Dans :Apelle et Alexandre(Lien)
, « De la vanité de la Renommée » (numéro ch. VII) , p. 207-208
En toutes les Sciences, en tous les Arts, et en toutes les actions publiques, les hommes se sont tousiours peinez d’en acquerir la perfection, l’un à l’envy de l’autre. Aristote en sa profession, a disputé la pomme avec tous ses compagnons, et pas un ne l’a emportee, parce qu’elle sert de prix à une gloire qui ne se peut iamais acquerir. Apelles a paru en lice aussi bien que Zeusis pour la peinture, et tous deux veritablement ont fait des merveilles à representer leurs defauts ; Iugez de quelle nature peut estre leur renommee. Lisipe et Phidias ont relevé aussi en bosse leurs imperfections, et en ont laissé le relief, afin que la memoire endure tousiours. Ce n’est pas que leurs ouvrages ne soient admirables : mais non pas iusques au point de meriter la gloire de cette renommee qu’ils cherchoient. Ie n’aurois iamais fait, si ie voulois mettre en avant le nom de tous ceux qui les premiers ont animé les inventions que nous avons de toute sorte d’arts. Mais quoy que leurs apprentifs mettent tous les iours en œuvre, la renommee de ces grands maistres, c’est tousiours un feu estaint, dont les cendres seulement demeurent, ne pouvant prendre une forme plus vile, et plus abiecte.
Dans :Zeuxis et Parrhasios : les raisins et le rideau(Lien)
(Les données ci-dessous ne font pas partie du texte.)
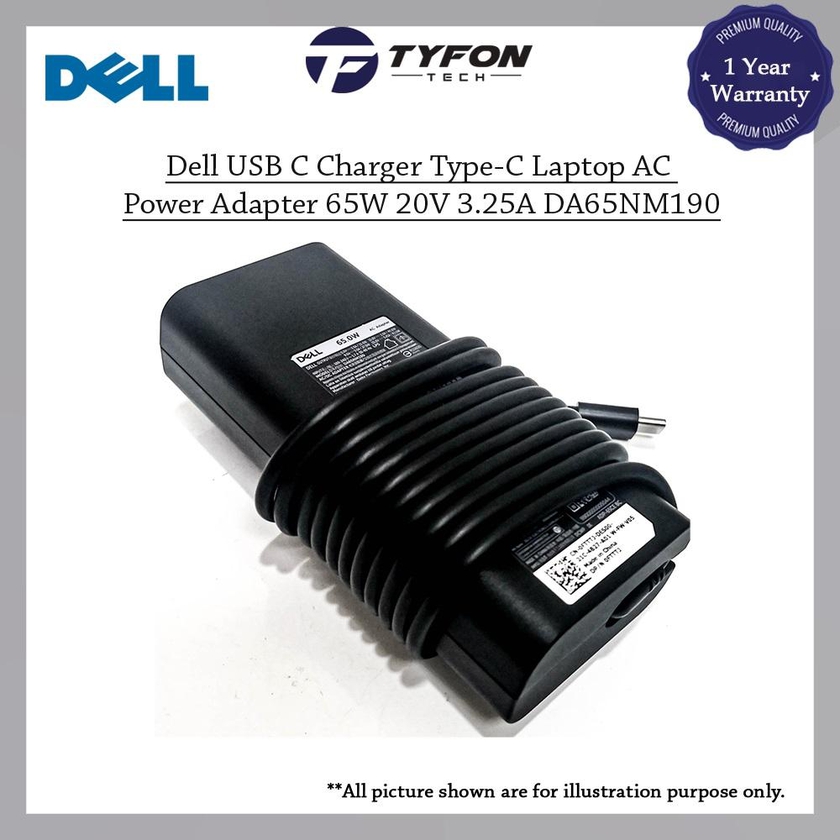 Dell USB C Charger Type-C Laptop AC Power Adapter 65W 20V 3.25A DA65NM190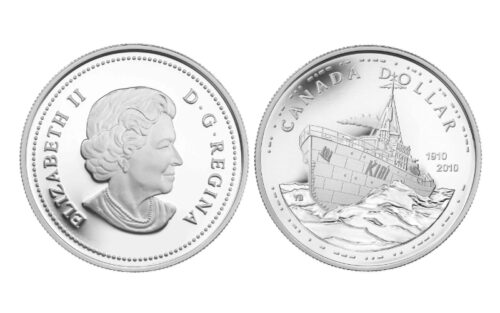 Canadá 1 Dólar 2010 100 Aniversario de la Marina Canadiense PROOF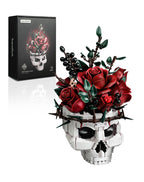 iATOM Skull Rose Bouquet Building Set, Compatible with Lego Flowers for Adult - Halloween Gothic Horror Skeleton Plant Pot Home Decor - Artificial Flower Botanical Collection Gifts, IA11008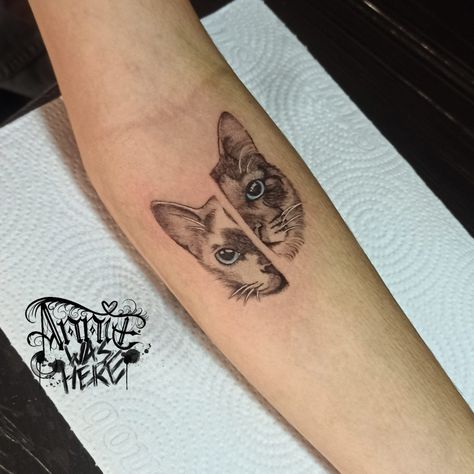 Half Cat Face Tattoo, Cat Face Tattoo, Dedication Tattoos, Cat Face Tattoos, Cat Tats, Cats Face, Cat Tat, Cat Tattoo Designs, Two Cats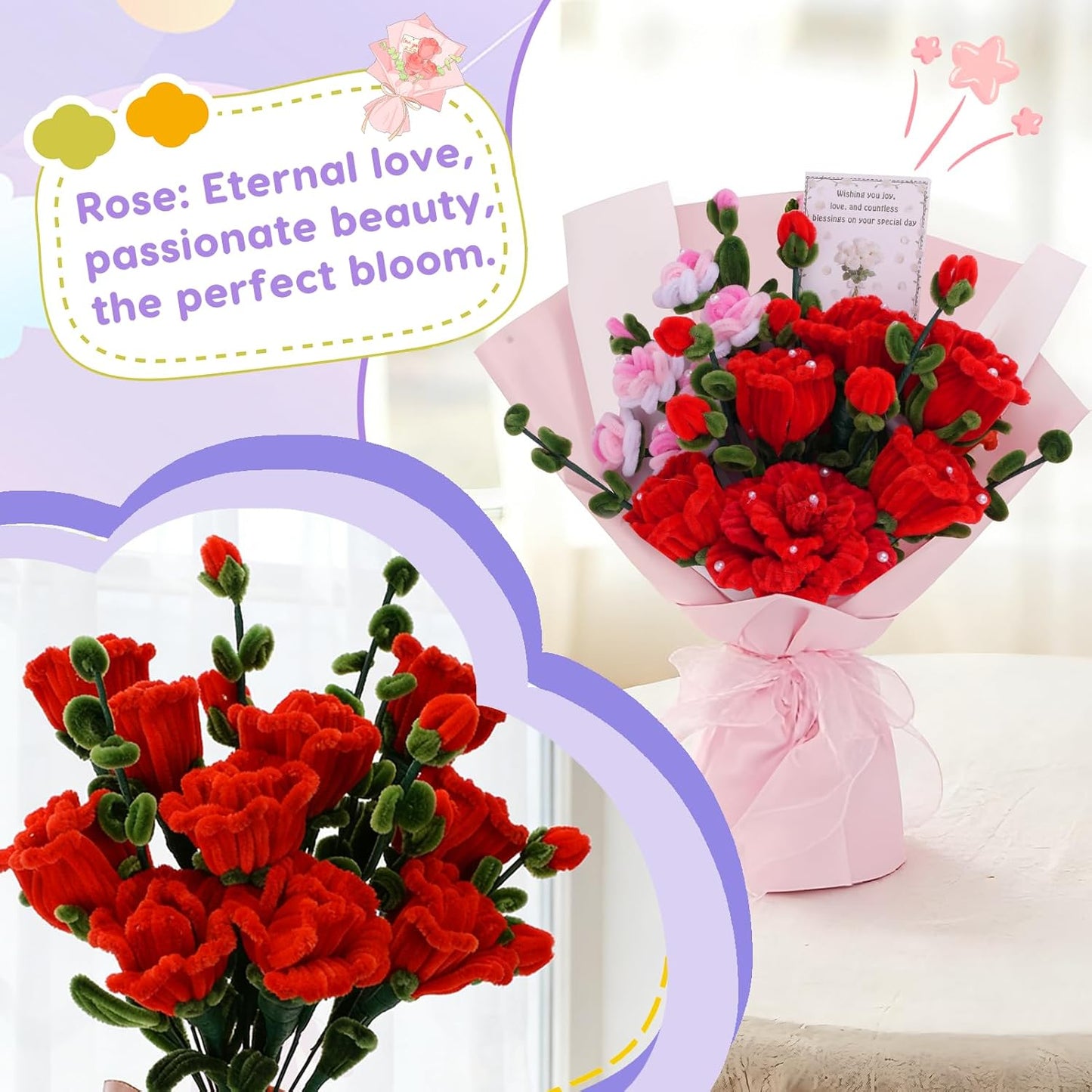 900 PCS Pipe Cleaners Craft, Pipe Cleaner Bulk Flower Kit 14 Colors Chenille Stems Flower Making Kit with Greeting Card, Floral Wires, Tape, Stamen, Floral Wrapping Paper & Ribbon for Art DIY Flowers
, « De la vanité de la beauté » (numéro ch. XIII) , p. 488-489
Puis que ie suis d’humeur de dire la verité, ie ne veux rien celer, il n’y a jamais eu de beauté sans deffaut, fors que celle de la Vierge, mais c’estoit aussi un chef-d’œuvre, où Dieu avoit mis la main, puisque ce devoit estre le premier berceau, où il devoit reposer. Parlons seullement des ouvrages de la Nature, elle n’en a jamais fait, qu’il n’y ait quelque chose à dire. D’où vient que ce grand Peintre, dans le dessein qu’il eut de representer, selon sa fantaisie, la belle Heleine, fit un triage des plus belles filles de la ville, et de chacune son pinceau en desroba quelque chose. Tellement que d’un grand nombre de beaux visages, il n’en fit qu’un. Ce qui nous presche l’impuissance de la Nature, à former une Beauté sans deffaut.